- [Data listing]:
^^^^^^^^^^^^^^^^

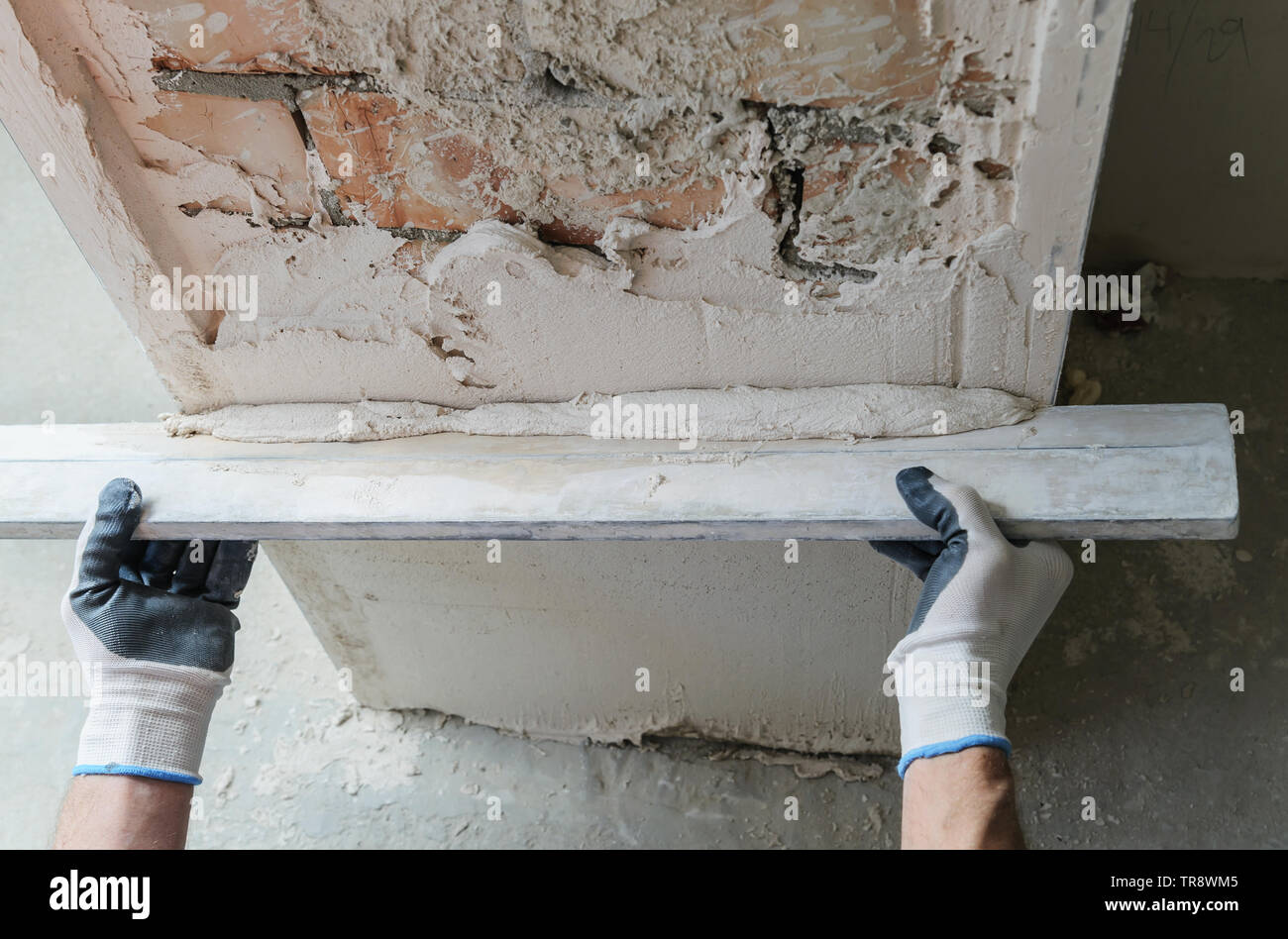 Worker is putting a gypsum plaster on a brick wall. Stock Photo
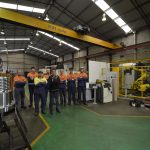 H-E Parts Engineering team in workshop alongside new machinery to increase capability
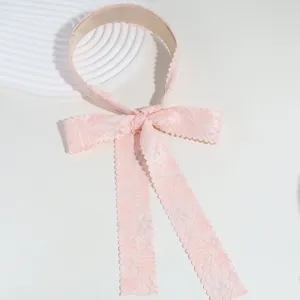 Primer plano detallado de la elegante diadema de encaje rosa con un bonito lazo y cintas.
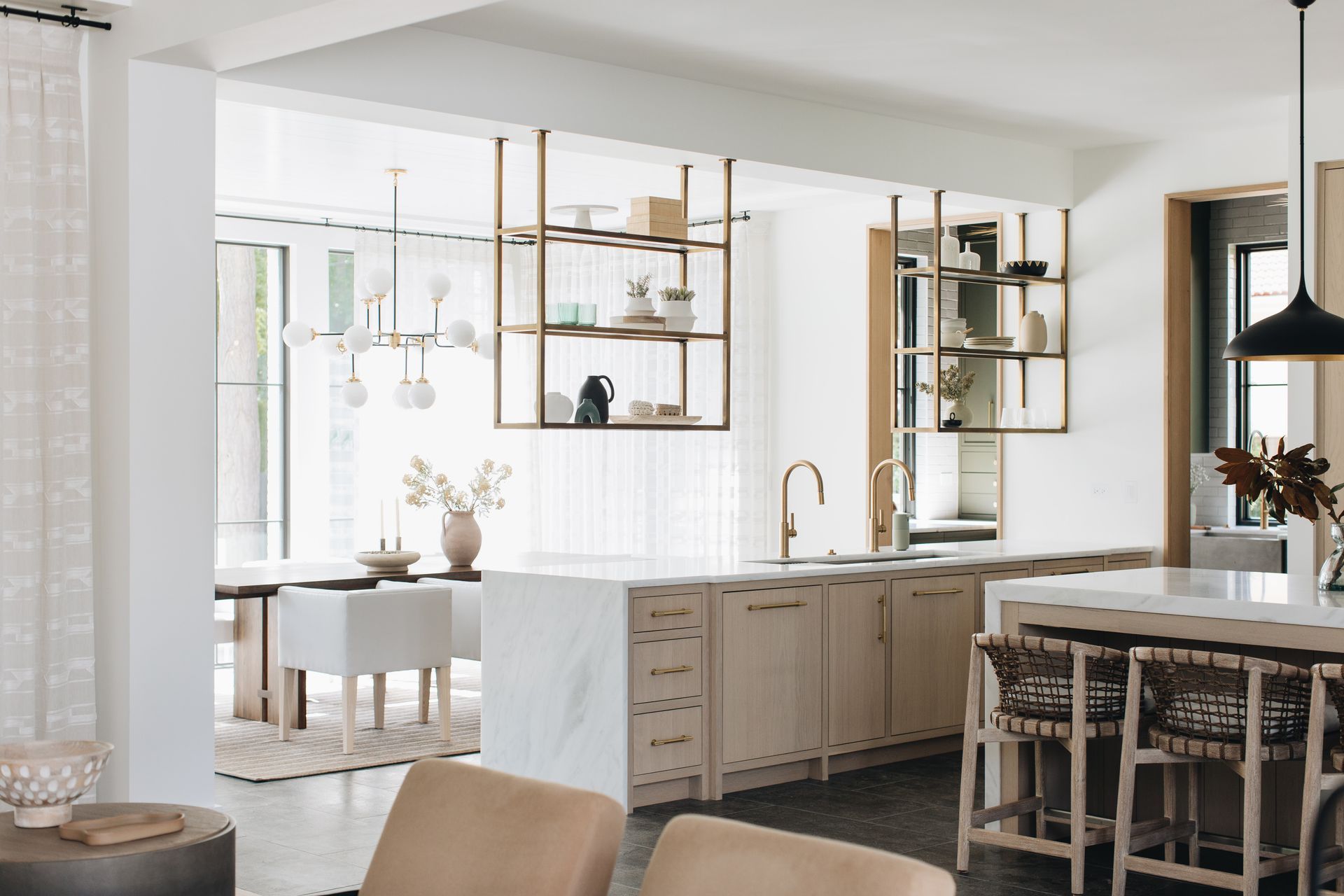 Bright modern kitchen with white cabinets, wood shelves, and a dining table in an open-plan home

^^^^^^^^^^^^^^^^

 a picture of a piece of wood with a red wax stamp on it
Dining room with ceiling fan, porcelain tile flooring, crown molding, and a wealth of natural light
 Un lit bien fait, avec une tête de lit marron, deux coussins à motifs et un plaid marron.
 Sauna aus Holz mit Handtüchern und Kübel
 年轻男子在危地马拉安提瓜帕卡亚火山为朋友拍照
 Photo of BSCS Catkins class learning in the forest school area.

^^^^^^^^^^^^^^^^

- [Work to be completed]: What is asked for is an exact copy of the lines above from the one containing "Un lit bien" through the one containing "Photo of BSCS", and only those.

- [Result of this exercise]:
 Un lit bien fait, avec une tête de lit marron, deux coussins à motifs et un plaid marron.
 Sauna aus Holz mit Handtüchern und Kübel
 年轻男子在危地马拉安提瓜帕卡亚火山为朋友拍照
 Photo of BSCS Catkins class learning in the forest school area.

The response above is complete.